I'll have it checked out (I have no idea what they did during the standard check up I was not there, she came during the day while I was at work)


----------



## PechosGoldenChance (Aug 23, 2009)

As stated above in the other posts ^^, sacking out is for any horse, whether it seems it's more meant for foals or not. It's always best to start out really small on any horse than work up bigger. Seeing as how your horse seems to be extremely spooky, you should start off with something that seems like it's meant for foals, you will get farther that way. I love desensitizing horses, if you were close to me, I'd be more than delighted to help. In case you didn't know, when you are desensitizing them and they start jumping around, don't take the "scary object" away from them until they completely stop moving, than take it away right away and praise sooooo much!

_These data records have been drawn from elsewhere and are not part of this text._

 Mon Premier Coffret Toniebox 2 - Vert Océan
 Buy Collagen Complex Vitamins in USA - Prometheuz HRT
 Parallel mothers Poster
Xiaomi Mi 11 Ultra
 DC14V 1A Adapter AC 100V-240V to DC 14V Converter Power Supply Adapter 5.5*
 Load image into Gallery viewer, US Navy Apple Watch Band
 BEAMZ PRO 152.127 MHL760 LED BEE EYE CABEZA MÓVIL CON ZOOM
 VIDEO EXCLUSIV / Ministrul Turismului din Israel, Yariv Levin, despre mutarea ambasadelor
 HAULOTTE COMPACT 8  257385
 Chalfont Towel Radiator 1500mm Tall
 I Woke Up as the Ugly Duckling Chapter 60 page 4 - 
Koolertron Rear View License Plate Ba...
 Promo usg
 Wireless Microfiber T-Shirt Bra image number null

Good luck with everything.


----------



## Mickey4793 (Sep 24, 2009)

Update:
I rode him today, a fairly windy day and he was riding perfectly until out of the blew a gust hit the arena door particularly hard, and he jolted off the rail, I slid, scaring him more, and inducing him to run. I landed on my wrist, a great improvement from landing on my head but it killls..
I know he wasn't trying to be bad the wind really picked up at that moment and scared him, but it's not fun to fall. 
My mom wonders if we should increase his dosing of his vitamin B calming supplements.
Would this be beneficial? So far he is getting one smartpak of vitamin b in his evening grain, and my mom is thinking it should be two. Would this help our situation at all? He doesn't usually spook to the point where I fall, and he was riding perfectly till the wind hit the door. And me falling scared him more (he really does trust me, and me falling probably told him that there really was a reason to be afraid.
So as I type with one hand, would increasing his supplement help?


----------



## ~*~anebel~*~ (Aug 21, 2008)

Mickey4793 said:


> Update:
> I rode him today, a fairly windy day and he was riding perfectly until out of the blew a gust hit the arena door particularly hard, and he jolted off the rail, I slid, scaring him more, and inducing him to run. I landed on my wrist, a great improvement from landing on my head but it killls..
> I know he wasn't trying to be bad the wind really picked up at that moment and scared him, but it's not fun to fall.
> My mom wonders if we should increase his dosing of his vitamin B calming supplements.
> ...


Is he eating poop? Or anything else weird? If not then he's probably getting everything he needs (including vit B).
Make sure his feed is very low in complex carbs and sugars and high in fat. Excess carbs can make certain horses hot. Take him off any alfalfa, and feed only grass hay.
Those calming supplements don't really work. I've had an extremely hot, spooky mare and they did nothing but add to my monthly expense list.
Try to find the problem instead of just finding the solution. Once you know whats wrong, finding the correct solution is much easier. It's either a pain issue a management and training issue or an attitude/personality issue. I'd rule them out in that order.
Good luck!


----------



## Mickey4793 (Sep 24, 2009)

Thanks, I'm leaning towards an attitude problem, we've checked off all the pains we could think of, We learned he had sensitive and semi flat feet, the farrier helped us out and gave him gel padded shoes. He's been floated, we checked his tack fit, changed his bit (he rides much better with the regular snaffle as opposed to his old more sever hanging snaffle.) He doesn't show signs of discomfort just tension, and he wasn't that tense tonight when he spooked he was riding quite smoothly (getting more attentative by the door but riding collected and smooth and into the corners each time) I had changed to his "better" direction (we call it his better direction because he's much less tense, rides way smoother, and it over all more willing to work at the end with the doors.) And trotted around the ring several times, doing large circles by the door when out of the blew the wind hit the door and he bolted. I'm not angry at him or anything and I wish I had gotten back on but I thought I had broken my wrist(thank god it's just a sprain) and I'm praying I can ride him again tomorrow. He was perfect till the spook, which I'm not upset at him for, he didn't throw me on purpose he was afraid, but I wish he would get used to the elements and not react so harshly.


----------